彼らは皆、私たちの心の奥底に眠っているものを引っ張り出して、ジャブジャブと洗い、綻びたところを繕い、順番を並べ替え、そうして喪失の記憶をふわっと広げて陰干するのを手伝うためにいるのだと考えれば。

何がなんでも感情移入をする必要もないし、登場人物たちがあっさりと描かれていたとしたって、別段不都合はない。

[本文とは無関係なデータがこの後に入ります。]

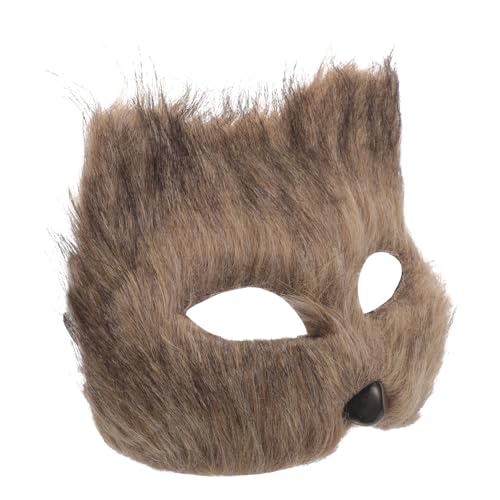 BESTYASH Fuchs Maske Flauschige Tiermaske Wolfsmaske Katzenmaske Ostern-verkleidungsmasken Karneval-maske Kabuki-masken Fuchsmaske Pelziges Maskerade-maske Plastik Halloween Gesichtsmaske von BESTYASH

ただ、そういう風にとらえらえることの出来る人は、そんなに多くはないだろうと思う。というか、この本を手にした日本国内の何十万(やがては100万を突破するのは確実だと思うけれど)もの人々が、何らかの喪失感を抱えて生きているのだとしたら、それってちょっとまずいんじゃないの、という気がする。

そうしてたとえば

僕らはそれぞれ力を尽くして、それぞれの人生を生き延びてきた。そして長い目で見れば、そのときもし違う判断をし、違う行動をしていたとしても、いくらかの誤差はあるにせよ、僕らは結局今と同じようなところに落ち着いていたんじゃないのかな。そんな気がする

という文を読んで、1ミリも共感できずに、運命は自分で切り開いて進むものなんじゃないか、と思う人は、たぶん、おそらくこの作品には向いていない。

たとえば10代の若い人とか。夢と希望に満ちあふれた20代の人とか。

もっと年を重ねた、30代後半以上の人が読んで初めて、多崎つくるによって自分の記憶が引っ張り出され、そうして読み終えた時に少しだけ救われたような気持ちになる、そんな経験をすることができるんじゃないかと思う。

そういう意味では。

何度も言うようだけれども。

世間のお祭り騒ぎにのって、タイトルだけ見て買うような作品ではないのだ。

本来ならばまだ必要のない人にこの作品が渡ってしまい、そうして必要以上に作品が貶されることがないよう、今はただそれだけを願っている。

なぜなら、私にとって「色彩を持たない多崎つくると、彼の巡礼の年」とても素敵な作品であったから。